Analyze Delta table data with SQL queries
This lab is focused on data ingestion, which really explains the extract, transform, load process, but it’s valuable for you to preview the data too.
-
Create a new code cell, and insert the code below:
# Load table into df delta_table_name = "yellow_taxi" table_df = spark.read.format("delta").table(delta_table_name) # Create temp SQL table table_df.createOrReplaceTempView("yellow_taxi_temp") # SQL Query table_df = spark.sql('SELECT * FROM yellow_taxi_temp') # Display 10 results display(table_df.limit(10))
-
Select ▷ Run Cell next to the code cell.
Many data analysts are comfortable working with SQL syntax. Spark SQL is a SQL language API in Spark that you can use to run SQL statements, or even persist data in relational tables.

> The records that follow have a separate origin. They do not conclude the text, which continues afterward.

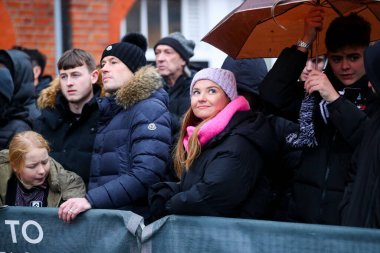 Taraftarlar, Premier Lig maçından önce Londra, Craven Cottage 'da oynanan Fulham - Wolverhampton Wanderers maçı için yağmurda bekliyorlar.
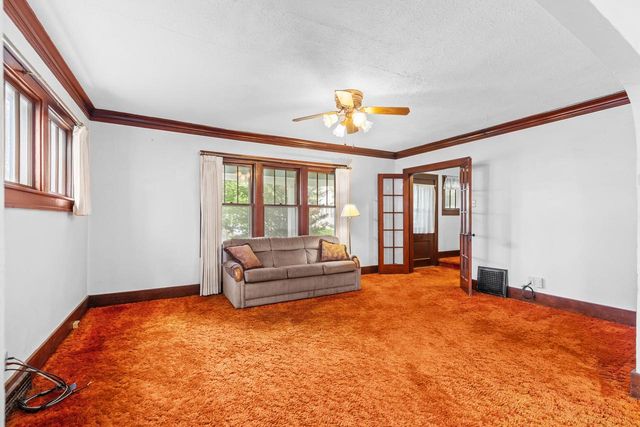 1422 St Clair AVENUE, Sheboygan, WI 53081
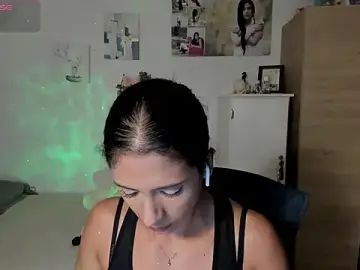 Veronikolsen-  live sex cam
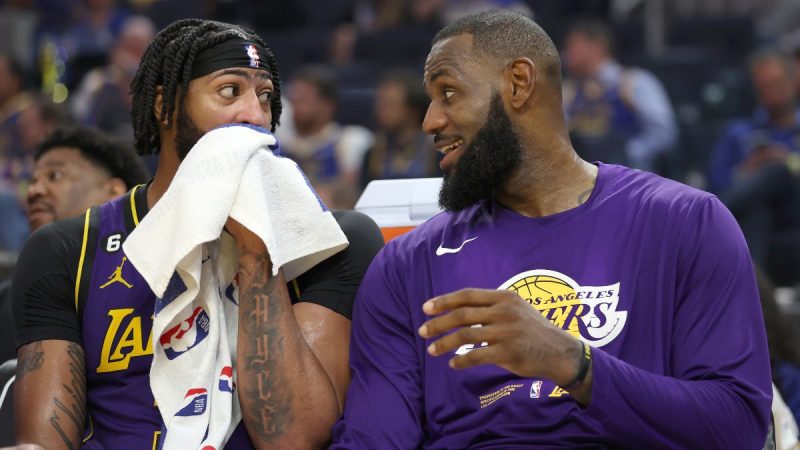 湖人队NBA季后赛赔率：勒布朗-詹姆斯的受伤对季后赛机会的影响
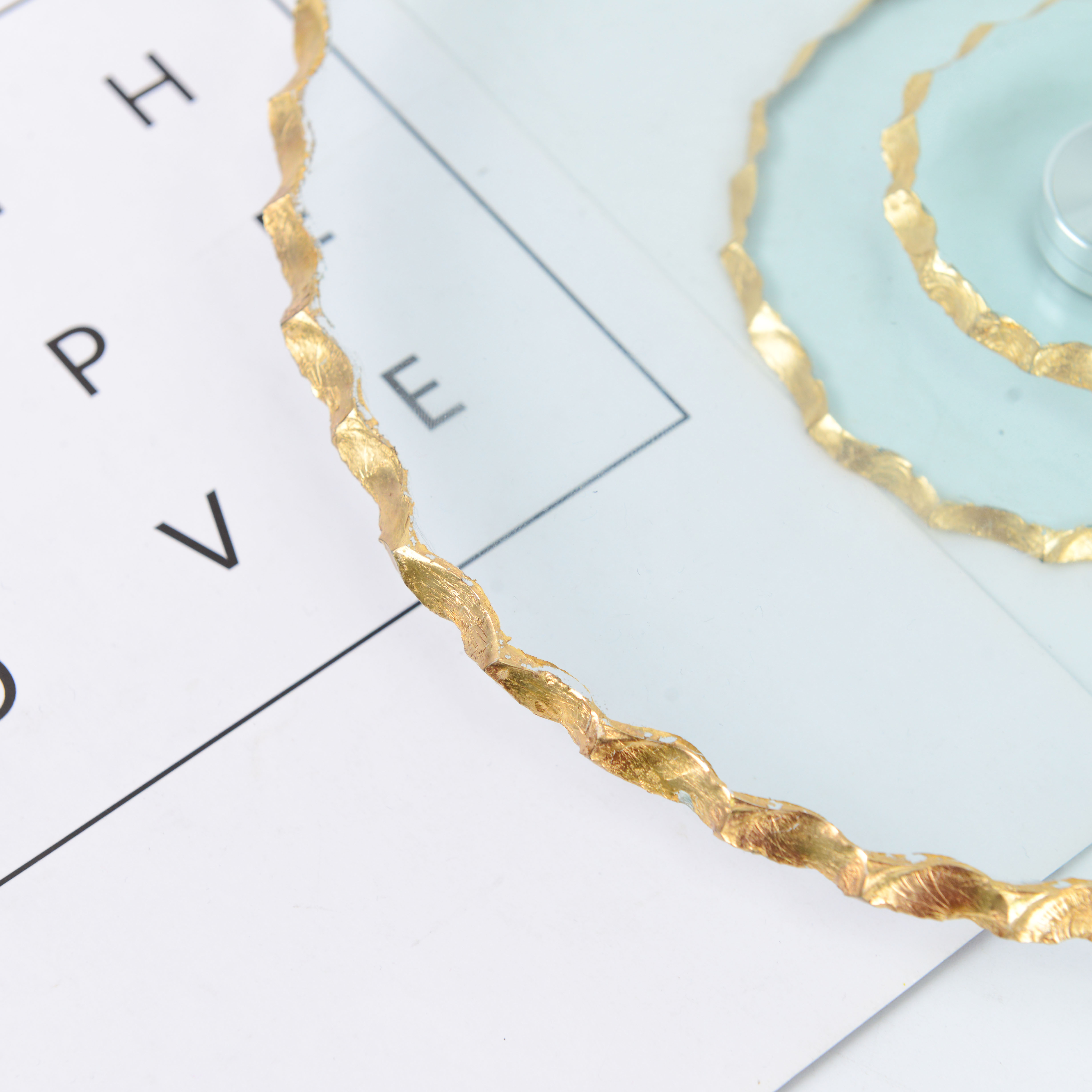 A transparent gold-rimmed glass fruit platter without handles Specification image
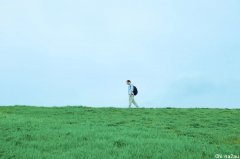 如果你感到迷茫，就去《世界尽头的咖啡馆》看看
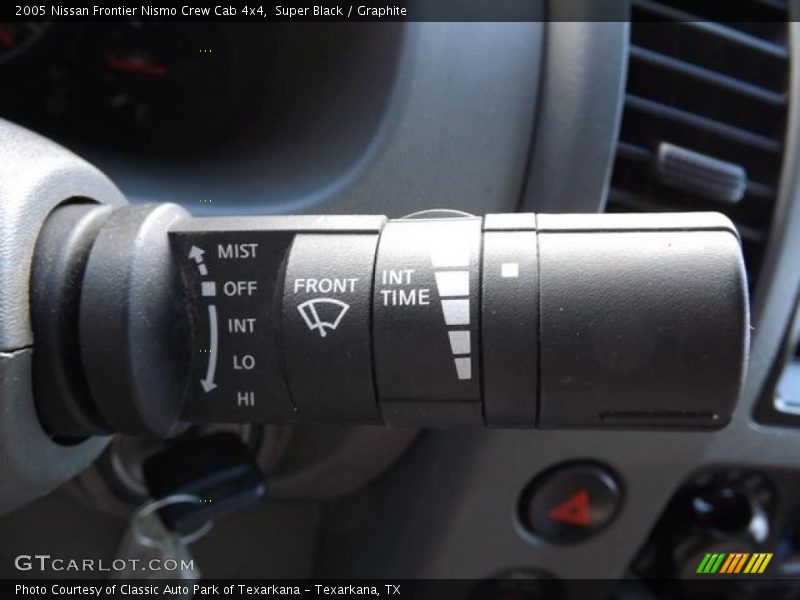 Super Black / Graphite 2005 Nissan Frontier Nismo Crew Cab 4x4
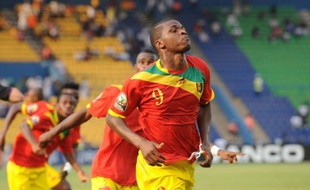 La Guinée, qui a écrasé (6-1) une équipe du Botswana réduite à 10 avant la mi-temps samedi à Franceville, a conservé ses chances de qualification dans le groupe D de la Coupe d'Afrique des nations, dont les leaders, Mali et Ghana, s'affrontent en soirée.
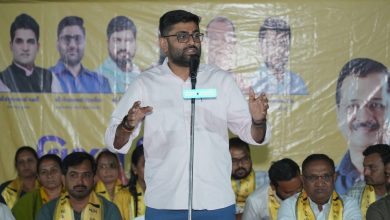 राजकोट के वार्ड नंबर 4 में AAP की जनसभा में गोपाल इटालिया के साथ भारी भीड़ और बदलाव के समर्थन में जुटे लोग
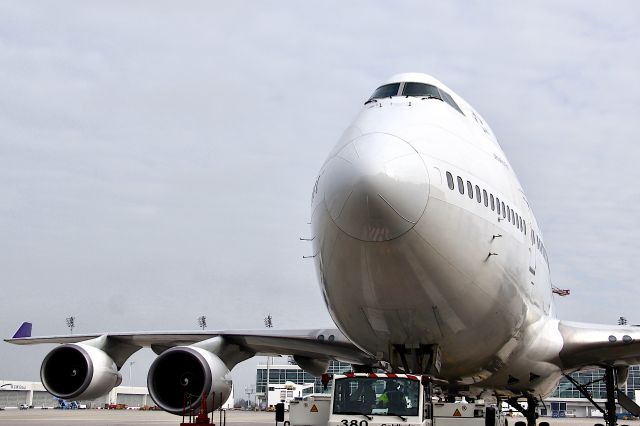 Boeing 747-400 (HS-TGA)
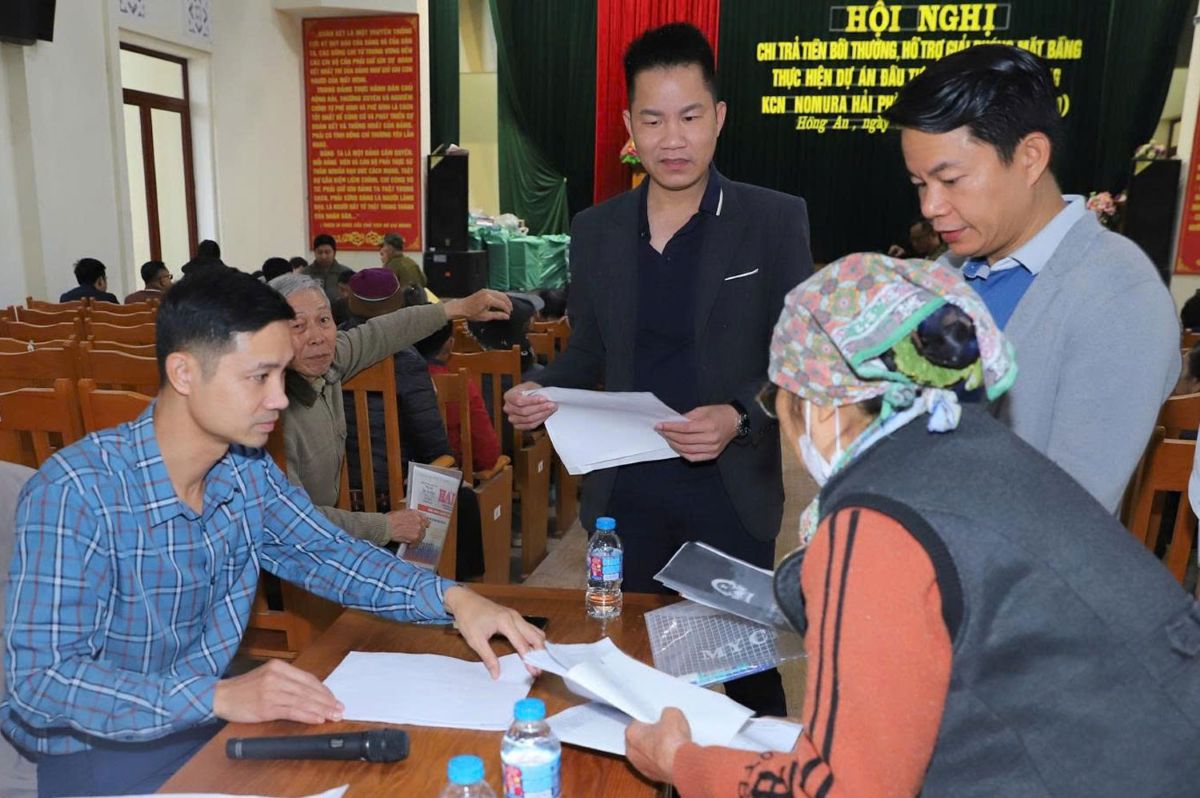 Hong An ward pays to households whose land is recovered. Photo: Hai Phong e-Portal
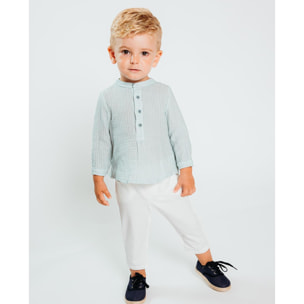 Camisa de rayas verde. Cuello mao y tapeta con botones en el centro.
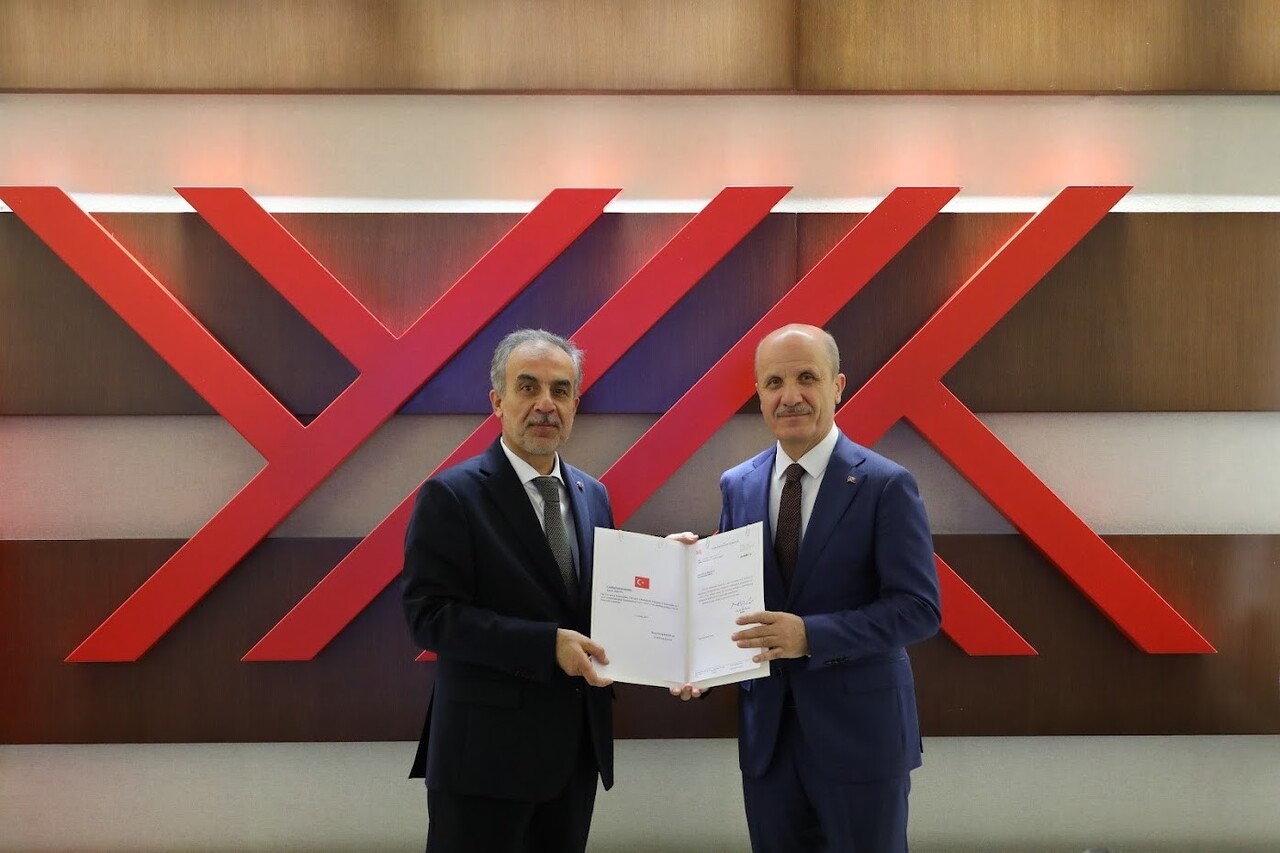 EGE ÜNİVERSİTESİ REKTÖRÜ PROF. DR. MUSA ALCI’YA "REKTÖRLÜK MAZBATASI", YÜKSEKÖĞRETİM KURULU (YÖK)...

The code you just ran creates a relational view of the data in a dataframe, and then uses the spark.sql library to embed Spark SQL syntax within your Python code and query the view and return the results as a dataframe.
Clean up resources
In this exercise, you have used notebooks with PySpark in Fabric to load data and save it to Parquet. You then used that Parquet file to further transform the data. Finally you used SQL to query the Delta tables.
When you’re finished exploring, you can delete the workspace you created for this exercise.
- In the bar on the left, select the icon for your workspace to view all of the items it contains.
- Select Workspace settings and in the General section, scroll down and select Remove this workspace.
- Select Delete to delete the workspace.